Burnett gave up three straight singles to start the inning to load the bases and, with Drew Storen warmed up and watching from a crouch on the bullpen mound, proceeded to allow them all to score and then some, with the big blow coming off the bat of Daniel Murphy, a two-run double that finally ended Burnett's night, and the Nats chances to win the game.

The 6-3 loss drops the Nationals to 10-13 and drops them into last place, a half-game behind the streaking Mets (11-13), winners of six in a row. The Nats have lost three in a row and six of their last seven games.

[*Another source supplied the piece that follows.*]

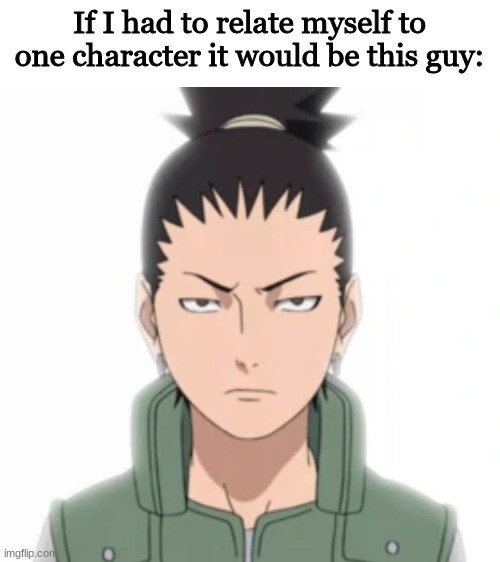 This is who I can relate too | If I had to relate myself to one character it would be this guy: | image tagged in blank white template | made w/ Imgflip meme maker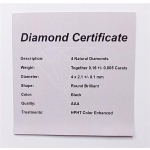 1 Unze Silber Ghana Penny Black 2020 Proof vergoldet mit 4 Diamanten 5 Cedis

All told, Burnett (L, 0-1, 5.73) faced seven batters, retiring two.  But both outs -- a sacrifice fly to the warning track in right field and a ground out to short that backup utility infielder Brian Bixler couldn't get out of his glove to try a play at the plate -- scored runs for the Mets.

Riggleman defended his reliever in his post-game comments, saying he preferred the matchups with the left-handed Burnett against the Mets scheduled hitters. 

"That was just the manager's decision," Riggleman started.  "They had three out of four lefties coming up in the inning.  My concern was [Jason] Bay leading off and then we had [Ike] Davis, Willie Harris, pinch-hitter [for the pitcher's spot], [catcher Josh] Thole.  So I just felt that my confidence in [Burnett] was that he's been very effective for us; he would get it done there. If I had to go to Drew [Storen] with an out or two, that's what we would do if a possible right-hander came up."

However, that's not what Riggleman actually did.  The Mets did indeed pinch-hit Chin-lung Hu, a right-handed batter, for the pitcher's spot, and Riggleman stayed with Burnett anyway.  Hu's ball to the right field wall scored the first run of the inning from third and both the other runners advanced.  After that, the floodgates opened, all while Storen watched from the bullpen.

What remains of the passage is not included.